In this case, the task will trigger the procedure every day at 7AM using the CET Amsterdam Timezone. You can now adapt the CRON expression according to the desired frequency and also create as many Tasks as required! You can check the CRON GURU website to learn more about CRON expressions.

Bonus

Executing the Job using Snowflake CLI

The job can also be triggered ah-hoc using a terminal/shell script. This can be quite useful if scheduling the job from a 3rd party tool (think orchestrators like Airflow, Dagster, Prefect), or running jobs in a CI/CD pipeline (e.g. for testing purposes).

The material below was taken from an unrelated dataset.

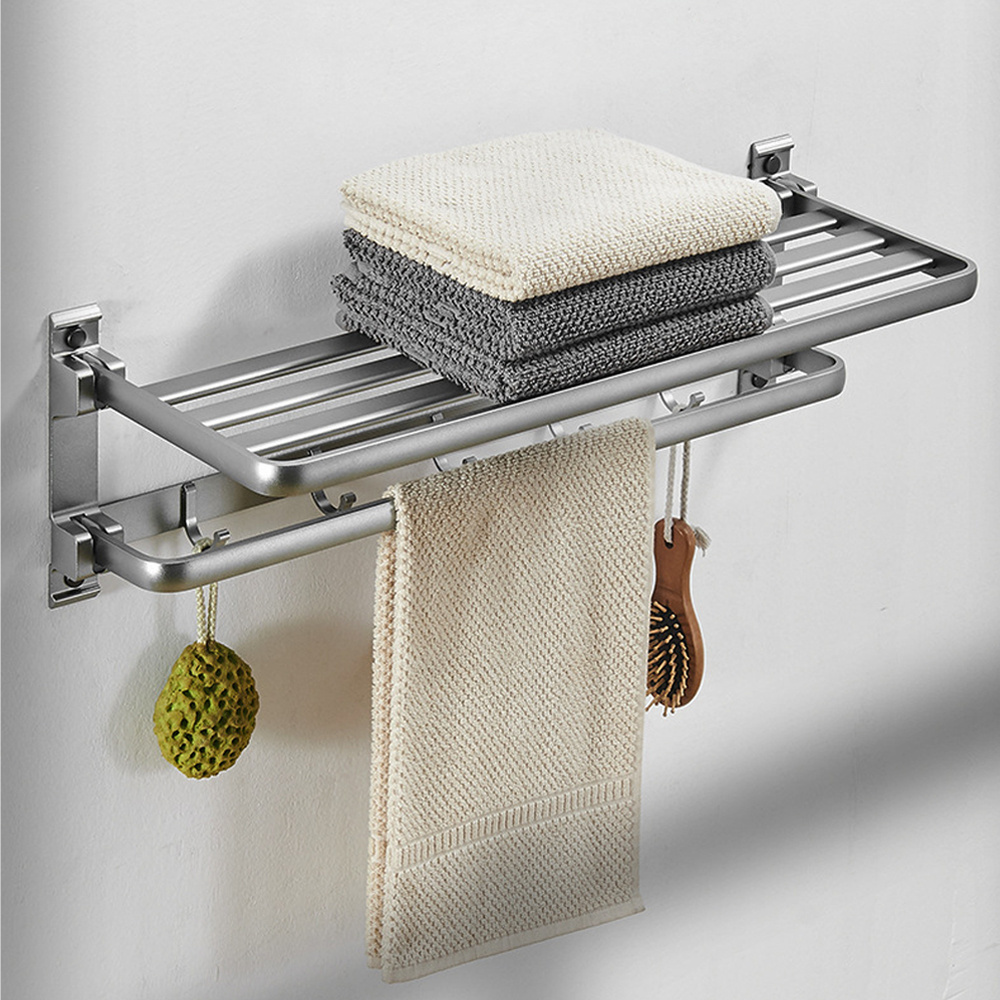 Stainless Steel Bathroom Towel Accessories Foldable Wall Mounted Towel Hanger Polished Towel Shelf With Clothes Hooks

To do this, you need to create a yaml spec file. You can use the contents of the specification block in the execute job service query and save it in a yaml file.

For this case, a file called snowpark_dbt_spec.yaml was created in the root folder of the repository:

ℹ️
As you can see, you can use different spec files for different jobs (e.g. one for dbt runs and one for dbt tests, or different specs for different run frequencies).

Then all you need to do is run the following command:

snow spcs service execute-job \\
    dbt_snowpark_db.jaffle_shop_snowpark.dbt_snowpark_job \\
    --compute-pool DBT_SNOWPARK_COMPUTE_POOL \\
    --spec-path snowpark_dbt_spec.yaml \\
    --role DBT_SNOWPARK_ROLE \\
    --connection <YOUR_CONNECTION>

And you can do the cleanup as well:

snow spcs service drop \\
    dbt_snowpark_db.jaffle_shop_snowpark.dbt_snowpark_job \\
    --role DBT_SNOWPARK_ROLE \\
    --connection <YOUR_CONNECTION>

Conclusion

In this tutorial, we covered how to set up a sample dbt project, run it locally, containerise it and run it in Snowpark. We finish off with scheduling a job, logging, and alerting in case of failures.

A lot more could be done to improve the setup! An idea is to take the concept of Snowflake as a single solution even further is to leverage the native Streamlit Apps to generate operational dashboards, cost monitoring, and even serving HTML content such as dbt docs and elementary report.

Since Snowpark is also still relatively new, the whole ecosystem around it is still not fully developed, which might be limiting in some ways. For example, you still cannot use Infrastructure-as-Code to create Snowpark resources like Compute Pools or Image Registries (though Terraform is currently working on it, so we can count on it soon).

We hope this is useful, and if you have nice Snowpark tips, let us know so we can include them in the article!